年末年始に読んだ洋書。

Oscar Wilde/F.H. Cornish/Annabel Large「Macmillan Guided Readers Elementary」『The Picture of Dorian Gray』(YL2.8、語数16000)読了。 密度の濃い内容でした。
画家Basilが、友人で若い美男Dorian Grayの肖像画を描きます。そこに、Basilの悪友Henryが入り込んできて…。

まず、BasilのDorian Grayに対する感情が、アヤシイですねえ(笑)。
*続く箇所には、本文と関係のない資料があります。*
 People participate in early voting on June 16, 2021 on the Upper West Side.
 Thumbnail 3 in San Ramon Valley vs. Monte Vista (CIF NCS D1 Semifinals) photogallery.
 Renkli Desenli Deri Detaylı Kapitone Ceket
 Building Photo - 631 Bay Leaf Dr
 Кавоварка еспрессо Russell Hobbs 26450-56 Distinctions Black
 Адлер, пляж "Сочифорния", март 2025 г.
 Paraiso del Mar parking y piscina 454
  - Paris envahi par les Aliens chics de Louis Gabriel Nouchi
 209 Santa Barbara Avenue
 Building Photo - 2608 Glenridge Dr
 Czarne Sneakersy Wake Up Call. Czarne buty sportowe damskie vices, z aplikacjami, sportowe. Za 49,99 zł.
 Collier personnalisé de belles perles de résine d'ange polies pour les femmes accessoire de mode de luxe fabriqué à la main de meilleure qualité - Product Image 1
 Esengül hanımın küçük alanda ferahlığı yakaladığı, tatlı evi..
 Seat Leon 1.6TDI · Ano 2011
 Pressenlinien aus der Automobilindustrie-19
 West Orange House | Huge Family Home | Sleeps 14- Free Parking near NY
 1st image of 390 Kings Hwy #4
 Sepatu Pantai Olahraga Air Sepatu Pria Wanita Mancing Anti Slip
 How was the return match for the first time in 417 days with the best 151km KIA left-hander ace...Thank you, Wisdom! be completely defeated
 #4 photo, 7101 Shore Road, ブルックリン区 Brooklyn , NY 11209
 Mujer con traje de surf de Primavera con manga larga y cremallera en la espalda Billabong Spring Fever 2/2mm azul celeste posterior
かの戯曲『サロメ』を書いたワイルドですから、さもありなん、というところでしょうか^^;)。

Dorian Grayが、己の魂と引き換えに自身の願いを叫ぶ場面は、ゲーテの『ファウスト』を彷彿とさせます。ワイルドも、意識していたのかな。

Dorian Grayは、「老醜」という不条理に抗そうとします。そのキーアイテムが絵画、というのが、興味深いですね。本書の舞台は、まだ写真が普及する前と思います。だから、人びとが絵画、なかんずく、肖像画に何らかの呪術的な力を感じたとしても、不思議はないのかもしれません。ベンヤミンの言う『複製技術時代の芸術』以前の芸術、なので、Dorian Grayの肖像画には“アウラ”が宿っていたとも言えるかも^^;)。



Frances Hodgson Burnett「Penguin Readers level 2」『Small Soldiers』(YL2.5、語数9200)読了、せず(苦笑)。半分くらい読んだので、プラス4600語としておきます。



Gavin Scott「Penguin Readers level 2」『The Secret Garden』(YL2.4、語数9800)読了。バーネットの有名な『秘密の花園』の簡約版です。大学時代、雑多な書物を乱読していた頃、本書は新潮文庫の邦訳で読みました。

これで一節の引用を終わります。